Note: The preprocessing steps for the recognition part are the same as task 2.

 

References

  1. Karatzas, Dimosthenis, et al. "ICDAR 2013 robust reading competition." Document Analysis and Recognition (ICDAR), 2013 12th International Conference on. IEEE, 2013.
  2. Karatzas, Dimosthenis, et al. "ICDAR 2015 competition on robust reading." Document Analysis and Recognition (ICDAR), 2015 13th International Conference on. IEEE, 2015.
  3. Gomez, Raul, et al. "ICDAR2017 robust reading challenge on COCO-Text." 14th IAPR International Conference on Document Analysis and Recognition (ICDAR). IEEE, 2017.
  4. Yuliang, Liu, Lianwen, Jin, et al. "Curved Scene Text Detection via Transverse and Longitudinal Sequence Connection." Pattern Recognition, 2019.
  5. Nayef, Nibal, et al. "ICDAR2017 Robust Reading Challenge on Multi-Lingual Scene Text Detection and Script Identification-RRC-MLT." Document Analysis and Recognition (ICDAR), 2017 14th IAPR International Conference on.

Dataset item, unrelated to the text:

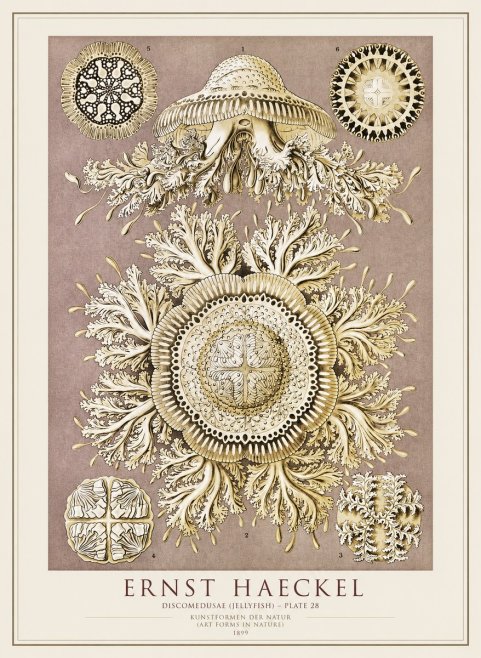 Ernst Haeckel Discomedusae No4 - Póster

Vol. 1. IEEE, 2017
  6. Shi, Baoguang, et al. "ICDAR2017 competition on reading chinese text in the wild (RCTW-17)." Document Analysis and Recognition (ICDAR), 2017 14th IAPR International Conference on. Vol. 1. IEEE, 2017.

Important Dates

1st January to 1st March

i) Q&A period for the competition,

ii) The launching of initial website

15th Feb to 1st March

i) Competition formal announcement,

ii) Publicity,

iii) Sample training images available,

iv) Evaluation protocol, file formats etc. available.

25th February

i) Evaluation tools ready,

ii) Full website ready.

1st March

i) Competition kicks off officially,

ii) Release of training set images and ground truth.

9th April

Release of the first part of test set images (2271 images),

20th April

i) Release of the second part of test set images (2292 images).

ii) Website opens for results submission

30th April

i) Deadline of the competition and result submission closes(at PDT 23: 59)

ii) Release of the evaluation results.

5th May

i) Submission deadline for 1 page competition report, and the final ranking will be released after results checking.

20th to 25th September

i) Announcement of competition results at ICDAR2019.